[PROVIDED DATA — start]
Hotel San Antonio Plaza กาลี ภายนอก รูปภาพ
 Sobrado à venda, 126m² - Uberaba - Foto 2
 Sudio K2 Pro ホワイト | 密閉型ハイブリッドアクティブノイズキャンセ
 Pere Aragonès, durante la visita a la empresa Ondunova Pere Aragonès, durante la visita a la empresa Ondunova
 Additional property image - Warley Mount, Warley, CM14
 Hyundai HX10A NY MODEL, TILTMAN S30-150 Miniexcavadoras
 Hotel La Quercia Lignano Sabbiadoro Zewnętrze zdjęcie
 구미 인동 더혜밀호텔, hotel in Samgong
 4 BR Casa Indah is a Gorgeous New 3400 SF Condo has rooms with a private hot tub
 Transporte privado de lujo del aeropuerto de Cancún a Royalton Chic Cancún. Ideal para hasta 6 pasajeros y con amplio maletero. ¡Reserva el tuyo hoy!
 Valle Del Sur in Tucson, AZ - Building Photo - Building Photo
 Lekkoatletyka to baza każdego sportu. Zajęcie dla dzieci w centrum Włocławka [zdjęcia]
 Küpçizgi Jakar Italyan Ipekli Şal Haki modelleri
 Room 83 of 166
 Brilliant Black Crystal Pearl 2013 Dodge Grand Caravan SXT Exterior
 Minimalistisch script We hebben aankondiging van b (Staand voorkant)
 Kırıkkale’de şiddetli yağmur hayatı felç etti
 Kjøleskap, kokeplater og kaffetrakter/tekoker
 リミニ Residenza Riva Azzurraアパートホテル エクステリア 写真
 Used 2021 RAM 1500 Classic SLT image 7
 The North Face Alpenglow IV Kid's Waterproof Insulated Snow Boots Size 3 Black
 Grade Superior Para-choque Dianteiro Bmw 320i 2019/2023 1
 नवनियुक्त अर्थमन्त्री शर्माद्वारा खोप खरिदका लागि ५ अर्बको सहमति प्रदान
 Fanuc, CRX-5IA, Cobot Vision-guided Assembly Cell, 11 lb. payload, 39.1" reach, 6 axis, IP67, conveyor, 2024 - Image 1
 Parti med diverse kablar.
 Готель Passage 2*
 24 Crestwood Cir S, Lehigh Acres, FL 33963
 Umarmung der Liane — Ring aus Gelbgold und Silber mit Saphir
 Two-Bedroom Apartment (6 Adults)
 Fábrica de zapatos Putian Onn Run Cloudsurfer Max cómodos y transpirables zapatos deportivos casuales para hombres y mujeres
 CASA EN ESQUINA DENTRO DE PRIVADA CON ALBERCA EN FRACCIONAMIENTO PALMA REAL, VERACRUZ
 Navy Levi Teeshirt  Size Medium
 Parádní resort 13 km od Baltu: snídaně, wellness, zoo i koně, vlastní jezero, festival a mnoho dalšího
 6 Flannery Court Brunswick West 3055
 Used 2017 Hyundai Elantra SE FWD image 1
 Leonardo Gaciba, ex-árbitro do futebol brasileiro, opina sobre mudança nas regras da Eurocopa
[PROVIDED DATA — finish]
EXERCISE AIM:
Look above for the line with "4 BR Casa Indah"; retype exactly that line, every line after it up to the line with "Kırıkkale’de şiddetli yağmur", and that line too, nothing else.

ANSWER SPACE:
 4 BR Casa Indah is a Gorgeous New 3400 SF Condo has rooms with a private hot tub
 Transporte privado de lujo del aeropuerto de Cancún a Royalton Chic Cancún. Ideal para hasta 6 pasajeros y con amplio maletero. ¡Reserva el tuyo hoy!
 Valle Del Sur in Tucson, AZ - Building Photo - Building Photo
 Lekkoatletyka to baza każdego sportu. Zajęcie dla dzieci w centrum Włocławka [zdjęcia]
 Küpçizgi Jakar Italyan Ipekli Şal Haki modelleri
 Room 83 of 166
 Brilliant Black Crystal Pearl 2013 Dodge Grand Caravan SXT Exterior
 Minimalistisch script We hebben aankondiging van b (Staand voorkant)
 Kırıkkale’de şiddetli yağmur hayatı felç etti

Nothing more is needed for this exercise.